Khalid, who was targeted with hate mail and death threats last year over her controversial motion to condemn Islamophobia and systemic racism, had asked Twitter to investigate the account.
On Thursday, the account’s owner acknowledged a warning from Twitter, after which the username, Twitter handle, photo and biography were all altered in an apparent attempt to hew more closely to the platform’s rules for parody accounts.
The account vanished briefly from Twitter altogether, then resurfaced a few hours later, its earlier tweets deleted. The anonymous user posted a note urging Khalid and mainstream media outlets to spend the same energy attacking “white privilege hatefests” that they do going after parody Twitter accounts.
More than 50 parody accounts of Liberal cabinet ministers and MPs have sprouted up in the last few weeks, all of them linked online under the hashtag “parodycabinet.”
The number of accounts targeting government members exploded last month when Twitter shut down one that veered too close to impersonating Environment Minister Catherine McKenna.
Khalid, who represents a riding in Mississauga, Ont., said she didn’t think she would merit a parody account, since she’s not in cabinet. She’d be fine with it, she said — except for the fact this particular account was going too far.
“Everybody has the right to speak their mind, but freedoms come with responsibility and when we have the power to speak we should do it with care,” she said in an interview.
“It’s unfortunate that they are spreading fake news, and sowing fear and division.”
At least one parody account of Immigration Minister Ahmed Hussen, who is also Muslim, features similar sentiments to the Khalid account.
One post from that account that Khalid took issue with included a photo of a real flyer for an upcoming weekend barbecue she’s hosting as an MP, but described it as an “anti-Canadian pro-Islamic Halal BBQ event.”
“I’m not pissed off,” Khalid said. “I just don’t want the continual spread of misinformation.”
The Khalid account counted more than 1,000 followers, although at least 50 of them were other parody accounts. She said these kinds of accounts won’t keep her from doing her work as an MP.
“This isn’t going to slow me down.”
Twitter has suspended or eliminated several other accounts that were the subject of complaints, including at least two McKenna parodies.

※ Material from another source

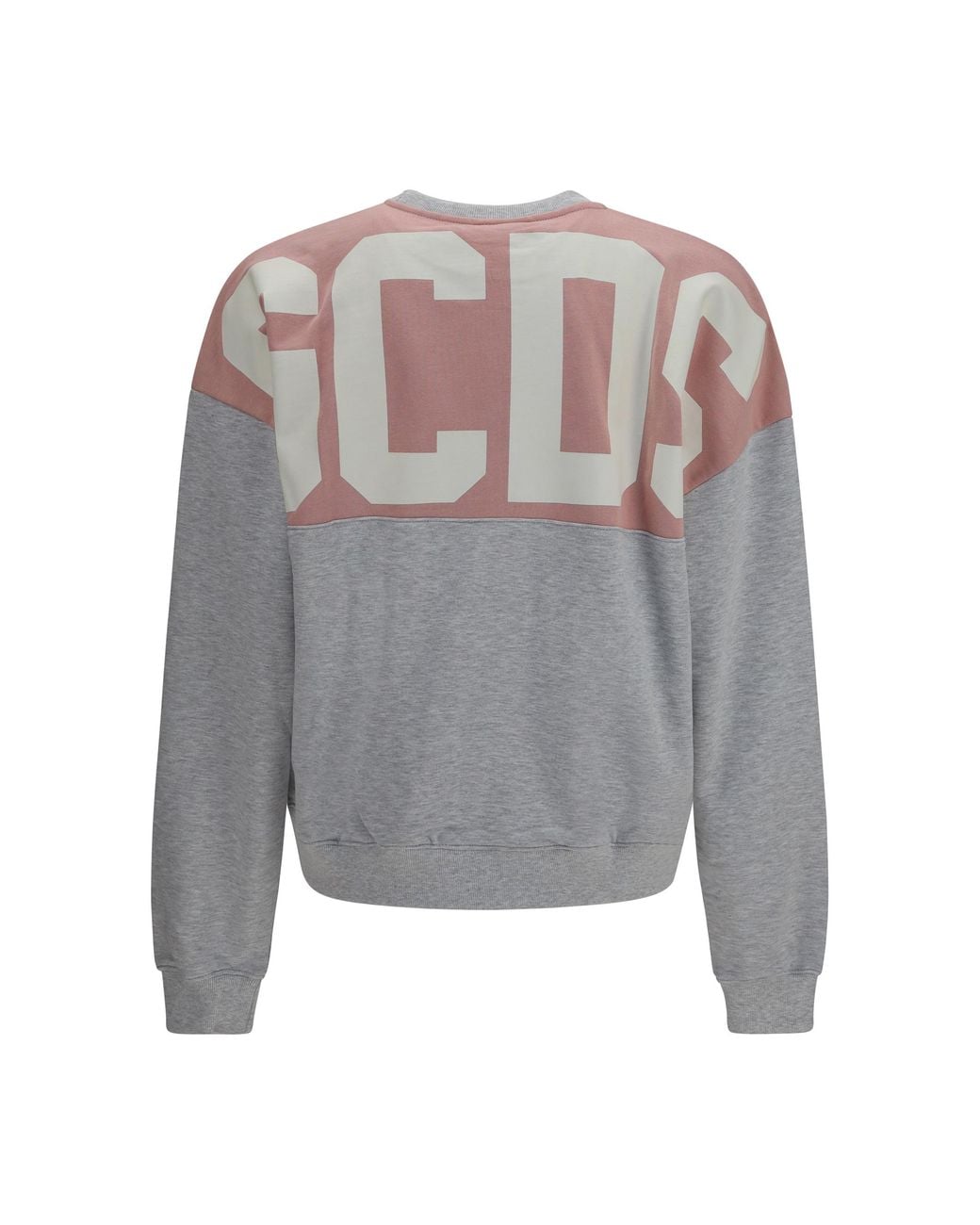 Gcds Gray Crewneck Sweatshirt With Back Logo for men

One of them was mistaken by several people for being the actual minister of environment, a violation of Twitter’s policy, triggering its demise and prompting a debate among Liberals and Conservatives alike about government interference in free speech.
Many of the accounts note when they’ve received a complaint and then change their name or handle or photo to avoid being shut down. Twitter allows parody accounts as long as they don’t have the same name or handle as the person being made fun of, and include at least one identifier identifying the account as fake, such as putting parody in the bio.

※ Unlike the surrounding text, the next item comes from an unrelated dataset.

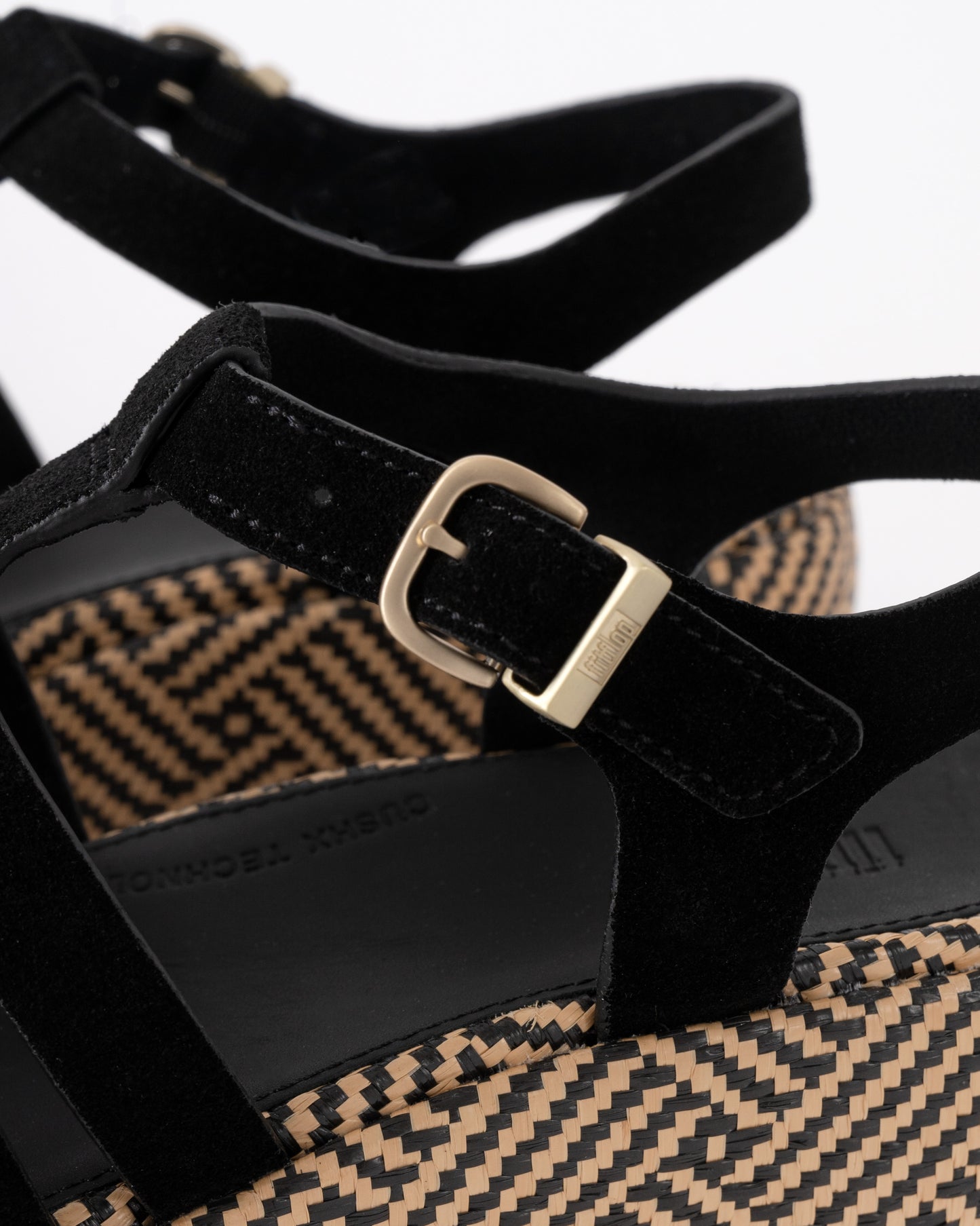 FitFlop Womens PLATFFORMS Graphic-Weave Suede Fisherman Sandals - Black 001 | CHO | Designer Womens Sandals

There are also rules against promoting hatred or harassing people on the basis of race.
Another parody account, this one focused on Foreign Affairs Minister Chrystia Freeland, was recently suspended briefly, then reinstated, prompting the person behind it to vent — anonymously — about freedom of speech.
“Who are you doing these favours for?” the person tweeted in reference to “vigilantes” who are reporting the accounts.

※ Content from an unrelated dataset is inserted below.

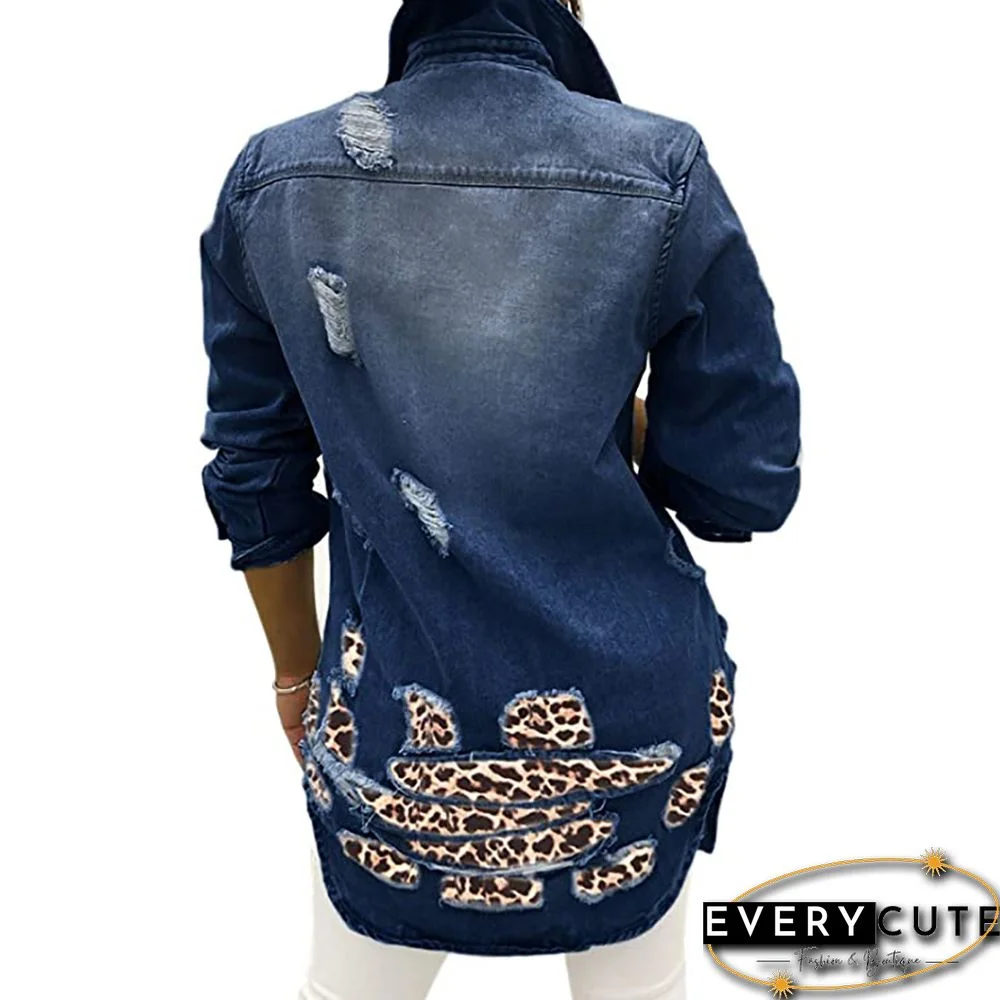 Navy Blue Spliced Leopard Patches Denim Jacket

“We are not engaged in hate speech, or discrimination, so you are robbing your own children of the freedom of expression.”
Shea Angus, a Conservative staffer who works out of southern Ontario, said the parody accounts took off precisely because of the government’s attempt to shut them down. Angus denies any link to the accounts, but has posted tweets of his own supporting the initiative.
That said, accounts that are hateful and not funny are “self defeating,” he added. “It’s diminishing the value of the effective ones. It’s not funny, it’s stupid.”
Angus said any parody account that is not clearly self-identifying as parody is also harmful but those which are using humour to point out flaws or ridiculous statements and actions of the government are on point.
Amanda Alvaro, a Liberal political strategist and co-founder of the public relations firm Pomp and Circumstance, said her problem with parody accounts is that they continue to blur the distinction between real information and so-called fake news.
“It’s really concerning for the next election.”